The Three by Sarah Lotz (Hodder and Stoughton)
The world is stunned when four commuter planes crash within hours of each other on different continents. Facing global panic, officials are under pressure to find the causes.

With terrorist attacks and environmental factors ruled out, there doesn't appear to be a correlation between the crashes, except that in three of the four air disasters a child survivor is found in the wreckage.

Dubbed 'The Three' by the international press, the children all exhibit disturbing behavioural problems, presumably caused by the horror they lived through and the unrelenting press attention.

This attention becomes more than just intrusive when a rapture cult led by a charismatic evangelical minister insists that the survivors are three of the four harbingers of the apocalypse.

The Three are forced to go into hiding, but as the children's behaviour becomes increasingly disturbing, even their guardians begin to question their miraculous survival...
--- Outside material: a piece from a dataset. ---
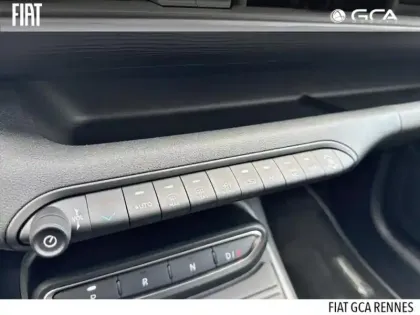 Photo 10 Jeep Avenger  Electrique 156ch 115kW Longitude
 I was fortunate enough to obtain an ARC of The Three, the latest from South African author, Sarah Lotz (the other half of SL Grey and Lily Herne).

I have been in a terrible reading slump of late and this bears mentioning as I picked up The Three late Saturday afternoon and finished it in the wee hours of Monday morning.
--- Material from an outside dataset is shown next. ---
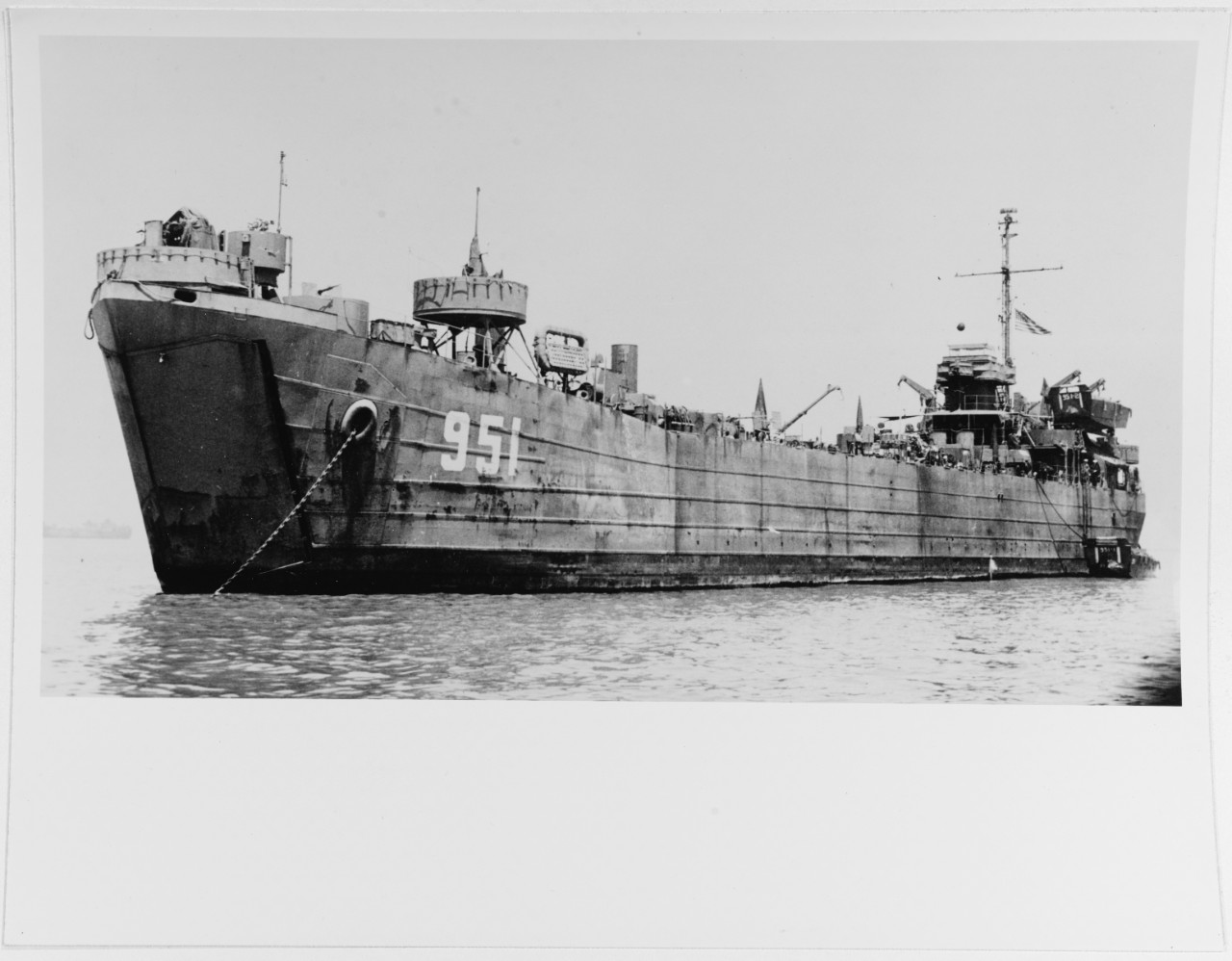USS LST - 951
Oh, I do love a creepy, well-constructed horror story. The Three kicks off with the world being rocked by four simultaneous plane crashes.

Upon hearing of the survival of three children, conspiracy theories start popping up ranging from the coming of the apocalypse to an alien invasion. It does not help that the children start acting a little... bizarre!

Told in the form of a collection of first-hand accounts of the events following the plane crashes, The Three took some getting used to initially.

But, luckily it does focus on select central characters in the story. I enjoyed this style, as it kept me guessing and wondering how much I could believe that particular account.

There is a great subtlety to the horror in The Three. I found it was more implied and the unknown aspects that the reader is left to piece together adds to it. It would make a brilliant film, I think.  

I did enjoy how well-researched this novel is in terms of culture and superstition. There was a nice local touch of course and the religious and and traditional aspects were completely plausible.

Nothing felt like it had been fabricated from thin air, which is the mark of a good storyteller.

The Three is an amazing page-turner with enough plausibility that readers who steer clear from traditional horror fiction will still enjoy it.

I am really looking forward to seeing how it is going to do internationally, as Sarah Lotz has the makings of a female, South African Stephen King.